It has long been the unquestioned consensus that science and spirituality reside on opposite sides of a grand chasm, solidly determined to avoid even a passing acquaintance with each other. In recent decades, however, discoveries in the field of quantum physics have suggested to many that the chasm is not only closing but that it never existed at all.
In Science and Spirit: What Physics Reveals about Mystical Belief, author Angelo Parodi draws on his study of both fields to answer the question: Can educated people embrace the concepts of spirituality, mysticism, paranormal phenomena, and even magic?
Parodi himself is undeniably well-educated; having studied physics, math, and computer science, he now works as a software systems consultant. Such a background would seem to place him solidly in the scientific camp, but as a student of martial arts and “various esoteric disciplines,” Parodi recognizes the similarities in scientific theories and ancient mystical beliefs.
Beginning with an overview of the history of quantum physics, Science and Spirit succinctly summarizes a few pertinent breakthroughs and key players.
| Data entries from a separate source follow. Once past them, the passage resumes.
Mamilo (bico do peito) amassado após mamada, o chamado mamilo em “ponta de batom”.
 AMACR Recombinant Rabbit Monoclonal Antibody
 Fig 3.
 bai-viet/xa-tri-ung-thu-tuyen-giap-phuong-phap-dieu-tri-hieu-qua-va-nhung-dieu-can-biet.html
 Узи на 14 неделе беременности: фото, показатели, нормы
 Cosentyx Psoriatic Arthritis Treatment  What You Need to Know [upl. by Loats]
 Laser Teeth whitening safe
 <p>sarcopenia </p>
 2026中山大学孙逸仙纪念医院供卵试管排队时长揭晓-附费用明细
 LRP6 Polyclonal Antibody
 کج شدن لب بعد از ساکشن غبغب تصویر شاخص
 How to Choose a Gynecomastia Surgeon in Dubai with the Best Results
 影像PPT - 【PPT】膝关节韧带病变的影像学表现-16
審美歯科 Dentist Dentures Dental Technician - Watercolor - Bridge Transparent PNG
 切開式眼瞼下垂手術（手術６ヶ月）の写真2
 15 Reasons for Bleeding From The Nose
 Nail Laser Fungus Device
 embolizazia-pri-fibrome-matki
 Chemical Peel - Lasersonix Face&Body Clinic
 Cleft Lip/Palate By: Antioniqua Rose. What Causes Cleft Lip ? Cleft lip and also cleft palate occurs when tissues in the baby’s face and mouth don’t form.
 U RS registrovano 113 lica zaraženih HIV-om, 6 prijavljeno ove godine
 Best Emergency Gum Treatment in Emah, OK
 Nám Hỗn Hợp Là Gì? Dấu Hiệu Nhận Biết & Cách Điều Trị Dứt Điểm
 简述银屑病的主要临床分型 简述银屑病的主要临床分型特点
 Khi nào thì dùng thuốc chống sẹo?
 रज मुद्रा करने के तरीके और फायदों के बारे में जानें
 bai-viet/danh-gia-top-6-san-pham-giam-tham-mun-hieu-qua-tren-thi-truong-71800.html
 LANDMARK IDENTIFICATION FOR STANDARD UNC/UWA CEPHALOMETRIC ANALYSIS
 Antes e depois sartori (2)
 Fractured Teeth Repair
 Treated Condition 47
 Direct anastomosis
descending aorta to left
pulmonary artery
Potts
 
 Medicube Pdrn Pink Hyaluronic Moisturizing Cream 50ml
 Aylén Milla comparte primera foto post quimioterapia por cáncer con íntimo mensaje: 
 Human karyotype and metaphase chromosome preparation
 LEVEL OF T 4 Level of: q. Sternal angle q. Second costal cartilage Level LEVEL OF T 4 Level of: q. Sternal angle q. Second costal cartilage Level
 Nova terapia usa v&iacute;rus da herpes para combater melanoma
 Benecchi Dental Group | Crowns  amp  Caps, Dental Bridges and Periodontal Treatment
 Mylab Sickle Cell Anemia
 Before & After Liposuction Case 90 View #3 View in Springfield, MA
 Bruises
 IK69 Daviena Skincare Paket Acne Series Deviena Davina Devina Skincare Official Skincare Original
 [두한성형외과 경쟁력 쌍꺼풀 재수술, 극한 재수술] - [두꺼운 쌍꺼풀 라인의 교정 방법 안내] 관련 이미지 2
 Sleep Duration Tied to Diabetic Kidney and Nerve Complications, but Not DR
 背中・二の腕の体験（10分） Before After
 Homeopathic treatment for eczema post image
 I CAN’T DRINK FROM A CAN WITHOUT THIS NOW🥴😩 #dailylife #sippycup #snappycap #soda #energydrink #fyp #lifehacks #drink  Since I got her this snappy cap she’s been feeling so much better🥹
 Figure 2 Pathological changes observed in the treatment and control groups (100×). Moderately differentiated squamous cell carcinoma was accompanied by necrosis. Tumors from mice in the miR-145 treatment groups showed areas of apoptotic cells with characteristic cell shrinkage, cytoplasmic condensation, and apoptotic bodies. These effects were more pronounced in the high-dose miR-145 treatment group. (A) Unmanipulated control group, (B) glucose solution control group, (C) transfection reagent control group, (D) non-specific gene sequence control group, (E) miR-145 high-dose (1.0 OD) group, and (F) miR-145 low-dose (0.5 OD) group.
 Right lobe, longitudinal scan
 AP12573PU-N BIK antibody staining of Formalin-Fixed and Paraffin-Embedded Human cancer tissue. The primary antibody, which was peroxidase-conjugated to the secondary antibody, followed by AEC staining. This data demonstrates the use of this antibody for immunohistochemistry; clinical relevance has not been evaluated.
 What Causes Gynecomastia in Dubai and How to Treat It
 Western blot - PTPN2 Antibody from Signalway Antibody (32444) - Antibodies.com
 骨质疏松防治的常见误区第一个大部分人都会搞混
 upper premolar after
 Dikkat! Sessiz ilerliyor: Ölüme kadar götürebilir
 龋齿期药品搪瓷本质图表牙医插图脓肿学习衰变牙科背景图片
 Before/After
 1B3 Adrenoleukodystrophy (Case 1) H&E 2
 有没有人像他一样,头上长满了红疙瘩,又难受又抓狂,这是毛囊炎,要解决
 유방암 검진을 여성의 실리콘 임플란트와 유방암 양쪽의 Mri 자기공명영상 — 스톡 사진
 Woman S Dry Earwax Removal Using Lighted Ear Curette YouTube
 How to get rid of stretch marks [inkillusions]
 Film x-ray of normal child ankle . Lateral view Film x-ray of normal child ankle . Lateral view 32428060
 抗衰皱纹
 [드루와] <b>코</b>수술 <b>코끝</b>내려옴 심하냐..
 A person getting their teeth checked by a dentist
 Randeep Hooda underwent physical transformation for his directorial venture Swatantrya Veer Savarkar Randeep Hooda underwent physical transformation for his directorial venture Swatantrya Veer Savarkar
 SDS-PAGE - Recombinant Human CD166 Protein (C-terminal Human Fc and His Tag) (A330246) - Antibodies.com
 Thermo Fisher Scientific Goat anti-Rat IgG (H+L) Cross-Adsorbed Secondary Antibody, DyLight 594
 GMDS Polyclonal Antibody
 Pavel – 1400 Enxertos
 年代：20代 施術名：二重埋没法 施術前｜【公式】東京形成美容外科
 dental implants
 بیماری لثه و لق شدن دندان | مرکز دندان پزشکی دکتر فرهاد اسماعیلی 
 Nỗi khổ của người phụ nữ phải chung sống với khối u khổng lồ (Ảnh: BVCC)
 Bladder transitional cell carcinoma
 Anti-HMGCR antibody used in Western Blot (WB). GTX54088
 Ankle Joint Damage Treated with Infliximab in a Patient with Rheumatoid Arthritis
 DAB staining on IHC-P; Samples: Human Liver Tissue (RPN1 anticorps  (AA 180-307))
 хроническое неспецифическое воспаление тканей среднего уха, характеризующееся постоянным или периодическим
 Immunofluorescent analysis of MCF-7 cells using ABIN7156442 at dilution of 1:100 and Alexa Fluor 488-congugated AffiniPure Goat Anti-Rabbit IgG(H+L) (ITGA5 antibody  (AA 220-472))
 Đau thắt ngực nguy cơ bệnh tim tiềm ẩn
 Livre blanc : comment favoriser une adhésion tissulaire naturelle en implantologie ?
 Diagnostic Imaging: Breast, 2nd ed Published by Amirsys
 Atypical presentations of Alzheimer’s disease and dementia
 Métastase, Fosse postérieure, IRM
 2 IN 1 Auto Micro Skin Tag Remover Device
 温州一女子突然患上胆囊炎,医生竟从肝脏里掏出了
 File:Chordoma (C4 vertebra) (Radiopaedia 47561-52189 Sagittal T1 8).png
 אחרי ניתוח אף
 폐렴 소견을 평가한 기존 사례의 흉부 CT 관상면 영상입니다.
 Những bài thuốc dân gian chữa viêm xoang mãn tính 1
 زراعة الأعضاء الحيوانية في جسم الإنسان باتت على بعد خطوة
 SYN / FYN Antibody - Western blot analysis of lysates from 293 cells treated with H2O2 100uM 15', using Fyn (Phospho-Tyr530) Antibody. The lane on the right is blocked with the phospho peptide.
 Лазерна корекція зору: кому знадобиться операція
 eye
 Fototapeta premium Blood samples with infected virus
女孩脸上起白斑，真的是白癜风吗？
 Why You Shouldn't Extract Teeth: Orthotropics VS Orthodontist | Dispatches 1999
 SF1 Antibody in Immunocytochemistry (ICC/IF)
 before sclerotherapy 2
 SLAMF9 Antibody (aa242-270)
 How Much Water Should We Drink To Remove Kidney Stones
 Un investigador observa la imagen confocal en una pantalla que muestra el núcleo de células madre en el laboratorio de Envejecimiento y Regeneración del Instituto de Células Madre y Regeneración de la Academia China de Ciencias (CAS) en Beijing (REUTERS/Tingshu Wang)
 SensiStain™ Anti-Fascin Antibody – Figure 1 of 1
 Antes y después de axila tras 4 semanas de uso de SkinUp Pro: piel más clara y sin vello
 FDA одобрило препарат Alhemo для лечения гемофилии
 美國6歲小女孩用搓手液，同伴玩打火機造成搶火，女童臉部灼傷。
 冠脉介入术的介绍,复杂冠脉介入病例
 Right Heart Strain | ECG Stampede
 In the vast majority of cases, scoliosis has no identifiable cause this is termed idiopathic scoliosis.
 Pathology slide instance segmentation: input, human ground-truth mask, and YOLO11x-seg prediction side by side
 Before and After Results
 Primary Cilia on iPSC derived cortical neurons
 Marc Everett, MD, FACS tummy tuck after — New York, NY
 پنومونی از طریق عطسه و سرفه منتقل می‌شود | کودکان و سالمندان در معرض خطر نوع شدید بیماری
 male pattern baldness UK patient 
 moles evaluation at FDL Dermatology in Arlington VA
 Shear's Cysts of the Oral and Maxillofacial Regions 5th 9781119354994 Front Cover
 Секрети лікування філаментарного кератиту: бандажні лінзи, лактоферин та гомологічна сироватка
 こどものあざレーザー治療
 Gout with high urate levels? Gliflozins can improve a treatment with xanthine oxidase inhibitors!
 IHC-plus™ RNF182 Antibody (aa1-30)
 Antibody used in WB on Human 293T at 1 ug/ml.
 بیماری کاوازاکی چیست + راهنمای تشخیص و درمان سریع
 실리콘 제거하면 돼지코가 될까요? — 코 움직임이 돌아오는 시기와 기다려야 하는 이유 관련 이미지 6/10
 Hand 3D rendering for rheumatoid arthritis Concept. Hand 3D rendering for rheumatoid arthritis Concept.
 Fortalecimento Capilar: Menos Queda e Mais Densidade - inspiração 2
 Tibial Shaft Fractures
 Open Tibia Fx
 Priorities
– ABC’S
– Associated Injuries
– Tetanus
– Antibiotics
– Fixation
Field theory, space-time, Heisenberg’s Uncertainty Principle, and Bell’s Theorem, among other key points, are deftly explained, allowing the reader a sufficiently stable foundation in scientific developments to understand the mystical correlations in the following chapters. Parodi extrapolates interpretations of scientific theory that “confirm our intuitive apprehensions of spirituality.”
An equally digestible section head ‘Metaphysical Implications,’ presents Parodi’s hypothesis that the “widely-accepted theories of science suggest underlying mechanisms that might explain [metaphysical] phenomena.” Parodi then tackles various paranormal mysteries such as astrology, ESP, crystals, even shape-shifting, and builds a persuasive case for a universe in which both science and spiritual possibilities coexist peacefully.
While Science and Spirit methodically ponders the possibilities for merging these scientific and spiritual concepts, Parodi takes a firm stance on the side of Believer. The book concludes with tales of Parodi’s own experiences with the paranormal, including photographs of ghosts and his tale of personal encounters with poltergeists.
In the same vein as The Dancing Wu Li Masters, Science and Spirit: What Physics Reveals about Mystical Belief offers briefer explanations and shorter sections. While this may seem disjointed to some readers, it serves effectively as a refresher course for those already familiar with the concepts covered here.
Clean, clear, and sincere, Parodi’s persuasive presentation makes it possible for those who consider themselves realists to believe in a world where magic is just the logical outcome of scientifically verifiable events.